EXERCISE AIM:
Everything in the listing below should be repeated verbatim, apart from the pictures.

__________________________________________________

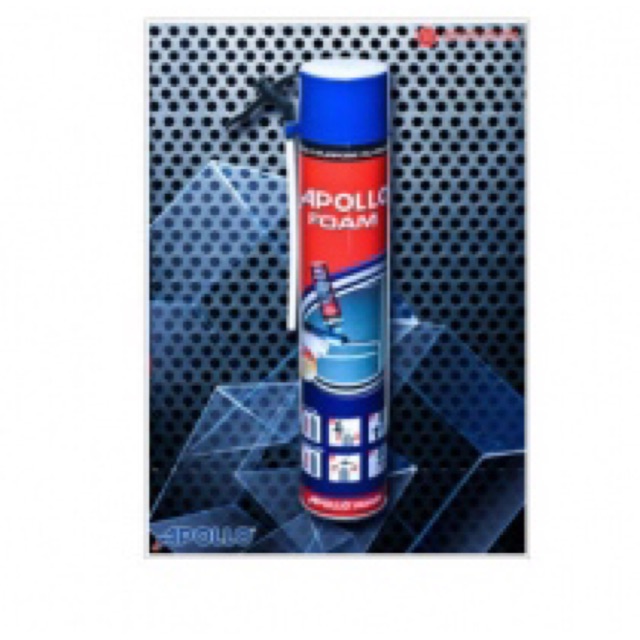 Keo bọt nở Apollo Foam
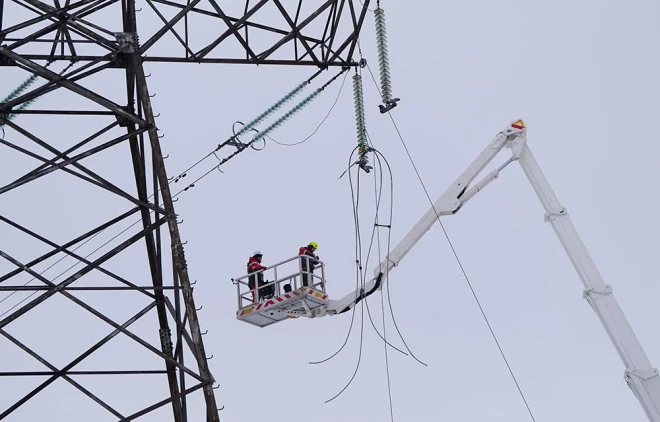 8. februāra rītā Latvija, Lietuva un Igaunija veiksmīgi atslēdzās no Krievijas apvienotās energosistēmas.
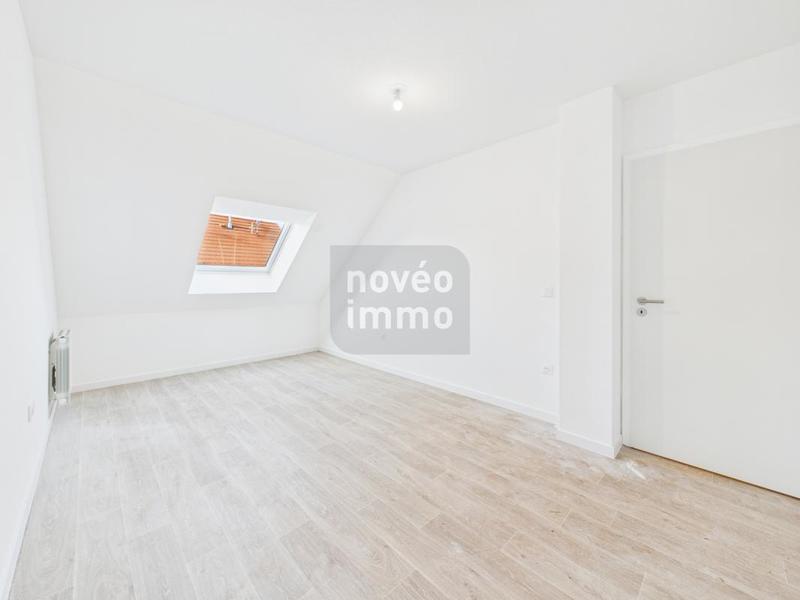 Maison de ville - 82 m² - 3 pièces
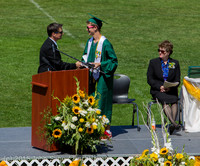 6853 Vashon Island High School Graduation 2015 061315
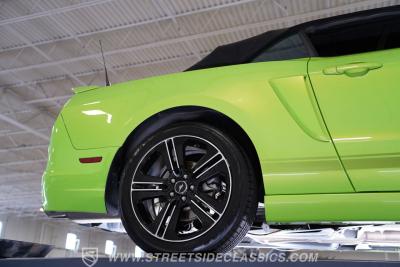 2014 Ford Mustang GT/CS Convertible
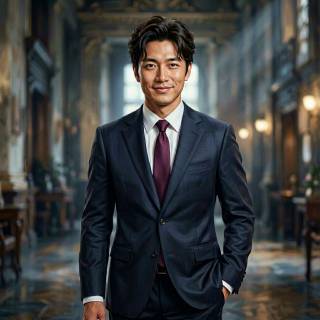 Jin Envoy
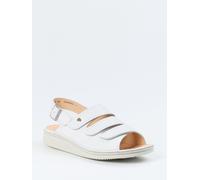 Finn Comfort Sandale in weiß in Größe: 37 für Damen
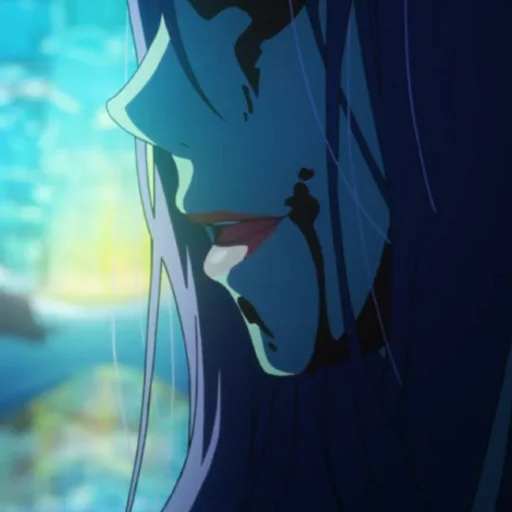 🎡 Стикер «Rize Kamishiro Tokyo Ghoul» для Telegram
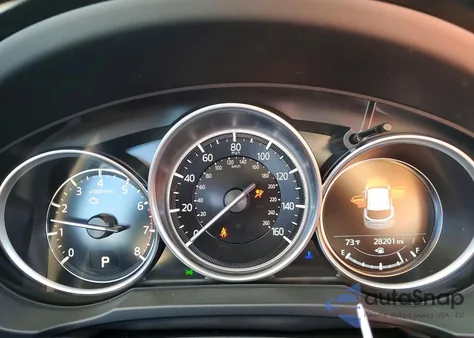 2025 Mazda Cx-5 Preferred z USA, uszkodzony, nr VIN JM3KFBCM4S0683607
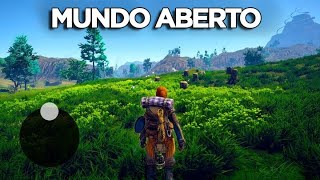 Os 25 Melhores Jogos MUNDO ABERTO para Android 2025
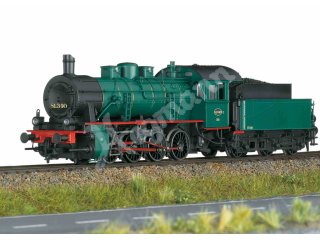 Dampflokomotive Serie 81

__________________________________________________

TASK RESULT:
 Keo bọt nở Apollo Foam
 8. februāra rītā Latvija, Lietuva un Igaunija veiksmīgi atslēdzās no Krievijas apvienotās energosistēmas.
 Maison de ville - 82 m² - 3 pièces
 6853 Vashon Island High School Graduation 2015 061315
 2014 Ford Mustang GT/CS Convertible
 Jin Envoy
 Finn Comfort Sandale in weiß in Größe: 37 für Damen
 🎡 Стикер «Rize Kamishiro Tokyo Ghoul» для Telegram
 2025 Mazda Cx-5 Preferred z USA, uszkodzony, nr VIN JM3KFBCM4S0683607
 Os 25 Melhores Jogos MUNDO ABERTO para Android 2025
 Dampflokomotive Serie 81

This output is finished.